- EXERCISE INSTRUCTIONS:
Exactly the lines from the beginning of the records to the line with "Magazines Glamour February 2016 UK Magazines", both ends included, are to be given again, and pictures are to be left out.
* * * * *
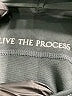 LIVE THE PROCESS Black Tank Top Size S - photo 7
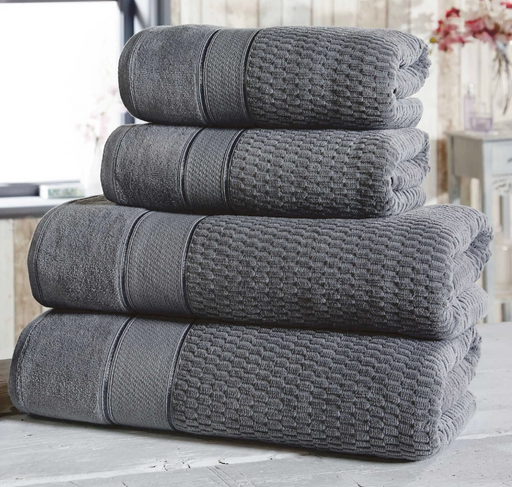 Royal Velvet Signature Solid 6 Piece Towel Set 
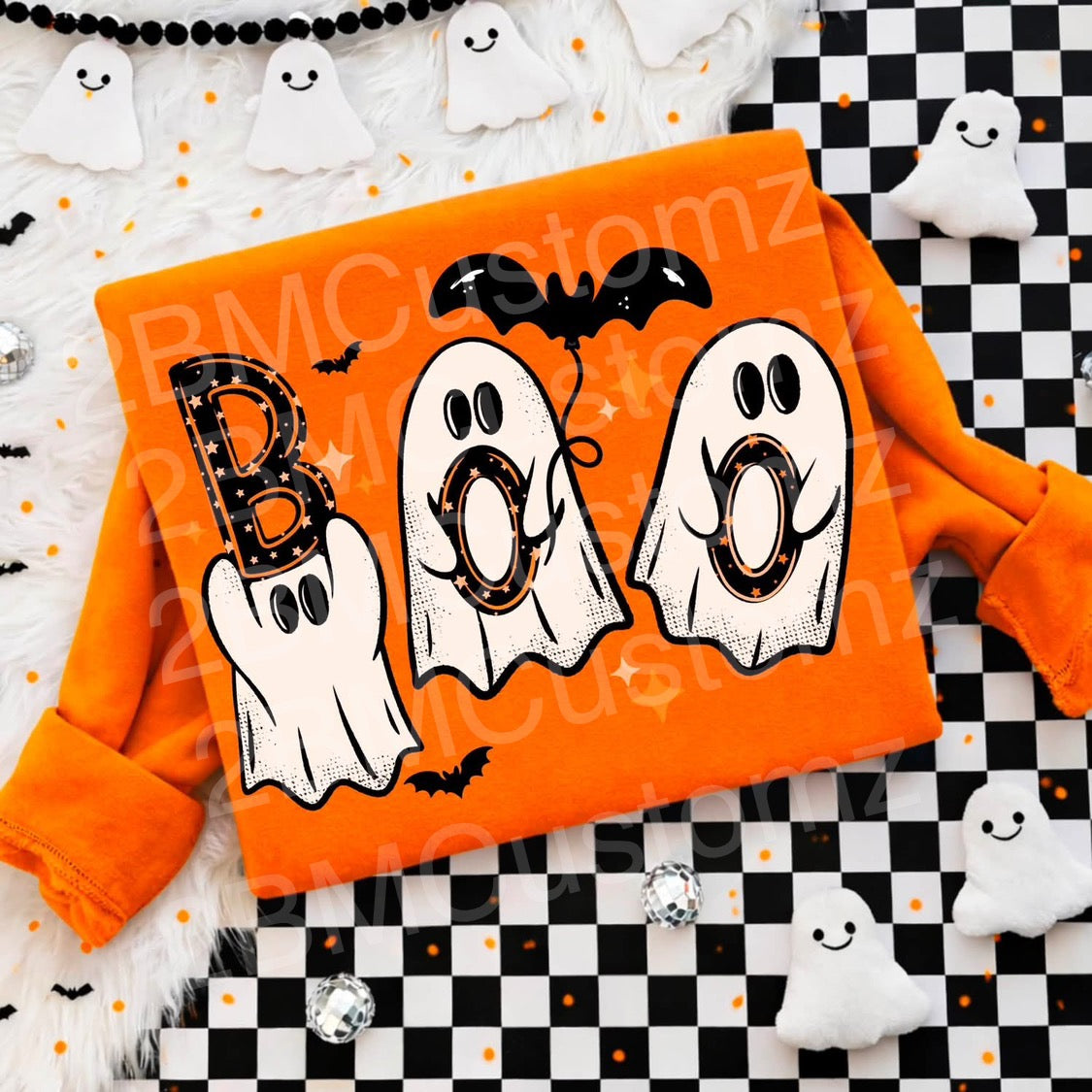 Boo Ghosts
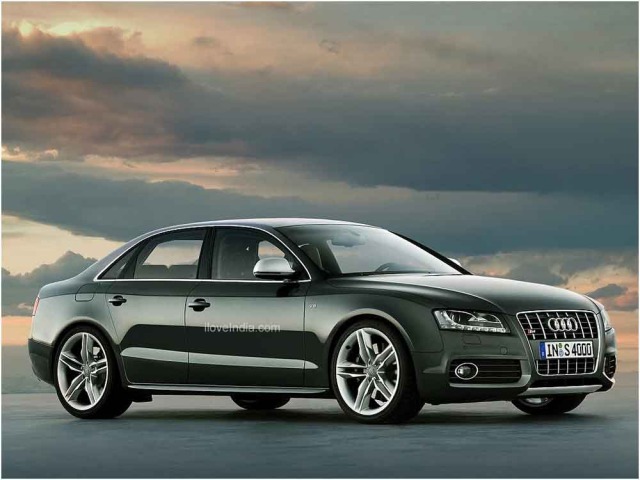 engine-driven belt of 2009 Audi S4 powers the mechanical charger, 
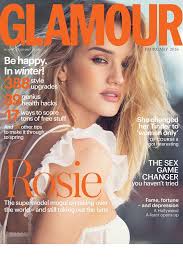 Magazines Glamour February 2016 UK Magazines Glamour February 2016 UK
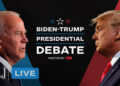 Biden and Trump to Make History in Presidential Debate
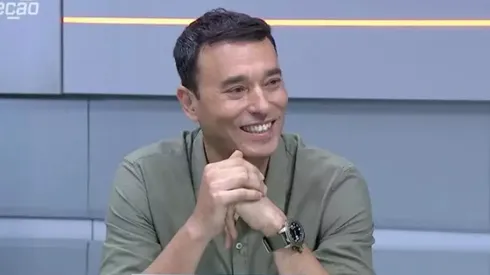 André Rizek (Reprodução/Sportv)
* * * * *
- RESULT FOR THIS EXERCISE:
 LIVE THE PROCESS Black Tank Top Size S - photo 7
 Royal Velvet Signature Solid 6 Piece Towel Set 
 Boo Ghosts
 engine-driven belt of 2009 Audi S4 powers the mechanical charger, 
 Magazines Glamour February 2016 UK Magazines Glamour February 2016 UK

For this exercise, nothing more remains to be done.